Gamma-Gamma Spend Model: differences in likelihood vs distribution fit

Hi there, first off I’d just like to thank y’all for the awesome work you have put in both to PYMC and the extensive guides and documentation!

I am working to build a Gamma-Gamma model of customer spend. I can fit a model using the pm.Potential method similar to the PYMC Marketing method. But I’m curious why a model that is specified as a series of distributions and hyper-parameters doesn’t converge to the same results?

Here is my distribution model:

with pm.Model(coords=coord_gamma) as gamma_model_simple:
    q = pm.Uniform('q', lower = 1, upper = 10)
    y = pm.HalfNormal('y', sigma=3)
    v = pm.Gamma('v', alpha=q, beta=y)
    
    p = pm.HalfNormal('p', sigma=5)
    
    z = pm.Gamma('z', alpha=p*gamma_sample_df['num_orders'],
                 beta=v*gamma_sample_df['num_orders'], 
                 observed=gamma_sample_df['aov'])        
    
    gamma_model_simple_trace = pm.sample()

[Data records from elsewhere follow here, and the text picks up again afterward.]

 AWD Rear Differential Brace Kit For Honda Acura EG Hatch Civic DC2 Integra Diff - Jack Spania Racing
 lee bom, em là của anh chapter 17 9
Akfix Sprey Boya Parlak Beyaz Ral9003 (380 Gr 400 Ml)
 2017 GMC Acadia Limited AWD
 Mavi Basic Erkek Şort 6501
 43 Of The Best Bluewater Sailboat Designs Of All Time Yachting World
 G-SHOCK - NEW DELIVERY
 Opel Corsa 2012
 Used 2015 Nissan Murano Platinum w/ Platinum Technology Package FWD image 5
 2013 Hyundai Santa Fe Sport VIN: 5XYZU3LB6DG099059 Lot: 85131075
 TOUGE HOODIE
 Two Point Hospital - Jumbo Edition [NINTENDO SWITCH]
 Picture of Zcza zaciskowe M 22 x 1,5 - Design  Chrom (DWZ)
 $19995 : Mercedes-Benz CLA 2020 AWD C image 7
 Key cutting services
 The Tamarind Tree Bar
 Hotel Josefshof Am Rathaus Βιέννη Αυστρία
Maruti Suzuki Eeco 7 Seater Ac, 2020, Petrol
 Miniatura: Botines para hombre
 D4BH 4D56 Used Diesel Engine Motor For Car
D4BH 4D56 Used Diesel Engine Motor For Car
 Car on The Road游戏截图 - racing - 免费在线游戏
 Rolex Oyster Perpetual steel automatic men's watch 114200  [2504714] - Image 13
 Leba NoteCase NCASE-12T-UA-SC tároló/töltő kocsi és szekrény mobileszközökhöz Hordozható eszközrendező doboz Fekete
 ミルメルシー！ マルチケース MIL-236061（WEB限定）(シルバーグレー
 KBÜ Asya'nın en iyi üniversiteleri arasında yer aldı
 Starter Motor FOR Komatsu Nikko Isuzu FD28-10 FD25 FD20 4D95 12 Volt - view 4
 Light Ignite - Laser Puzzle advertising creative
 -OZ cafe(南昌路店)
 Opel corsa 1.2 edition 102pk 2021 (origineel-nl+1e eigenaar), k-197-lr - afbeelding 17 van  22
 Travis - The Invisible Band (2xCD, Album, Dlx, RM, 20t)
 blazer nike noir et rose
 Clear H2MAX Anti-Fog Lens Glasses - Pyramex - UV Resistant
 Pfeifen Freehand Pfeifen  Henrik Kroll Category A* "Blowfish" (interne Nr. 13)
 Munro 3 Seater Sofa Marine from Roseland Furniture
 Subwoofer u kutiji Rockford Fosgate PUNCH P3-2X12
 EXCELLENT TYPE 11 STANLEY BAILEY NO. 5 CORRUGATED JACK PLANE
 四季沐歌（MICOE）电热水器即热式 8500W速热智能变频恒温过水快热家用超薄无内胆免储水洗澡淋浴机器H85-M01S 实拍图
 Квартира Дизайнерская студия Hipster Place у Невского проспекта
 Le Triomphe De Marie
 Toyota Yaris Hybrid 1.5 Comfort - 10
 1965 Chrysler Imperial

Where gamma_sample_df is my user-level observation data of average order value and the num_orders for each customer.

When I run this the model fits with no issues but the parameter estimates for p, q, and y are way off from the pm.Potential model:

with pm.Model() as model:
    p = pm.HalfNormal(name="p", sigma=10)
    q = pm.HalfNormal(name="q", sigma=10)
    v = pm.HalfNormal(name="v", sigma=10)

    def logp(x, m):
        return (
            pt.gammaln(p * x + q)
            - pt.gammaln(p * x)
            - pt.gammaln(q)
            + q * pt.log(v)
            + (p * x - 1) * pt.log(m)
            + (p * x) * pt.log(x)
            - (p * x + q) * pt.log(x * m + v)
        )

    likelihood = pm.Potential(name="likelihood", var=logp(x, m))

Unfortunately I can’t share any data, but I was hoping to get some general advice on why the approaches would differ? My ultimate goal is to fit a multilevel model and add customer-specific features to improve the estimates and I’m assuming that would be easier with the fully specific model.

Thanks in advance!

q and y are going to be pretty much the same as the prior as they only inform a single variable.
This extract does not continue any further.